Similarly, once Theo Ferron sees his estranged wife Julian (Julianne Moore) shot to death in front of him, he realizes that there are still things to lose, still things worth protecting—which prompts him to reach out towards a new person and thus a new mode of being. After meeting a young woman named Kee (Clare-Hope Ashitey) who is miraculously pregnant, Theo now feels duty bound to his dead wife to escort her to the human project—a safe haven where her and the baby might be able to live free.
Perhaps due to the limitations of the medium, The Last of Us does not really have an exact moment you can point to and go “Ah yes this is the moment Joel becomes a hero”, it’s more a prolonged progression towards redemption. However, there are moments across the twelve-hour experience that when taken as a whole Joel’s movement towards heroism. He ends up being trusted with a girl named Ellie (Ashley Johnson) who proves to be immune to the Cordycep bite, meaning that she could be monumental in pursuing a cure. After discovering that a resistance movement called the Fireflies might not have Ellie’s best interests in mind, he takes matters into his own hands and escorts her personally. As seasons change, and fall turns to winter—you get the sense that there is a kindred spark between these two, and that for all his roughness, Joel is starting to thaw inside.

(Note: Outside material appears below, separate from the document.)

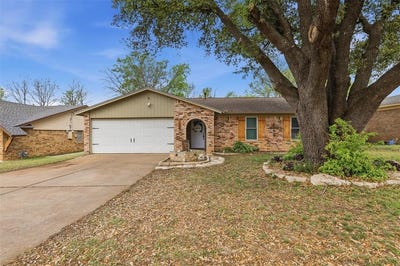 /international/us/1404-mimosa-street-cleburne-tx-110106755787/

For any story to carry sort of weight, for it be lifted from entertainment to parable—change must be an element. In a Xen sort of way, the Wasteland can only be healed once we allow the waters of change and self-sacrifice to seep in. It’s the reason why the Arthurian legend lives on to this day, and why Hollywood fodder like World War Z falls to the wayside, forgotten by time. In the end, Shaun accepts that he must sacrifice his baser tendencies to deserve a woman like Liz, Theo understands that despite his loss of a child that does disqualify him from participating in humanity and Joel…. does exactly the same thing. It is at the end of the day, the difference between living and killing time.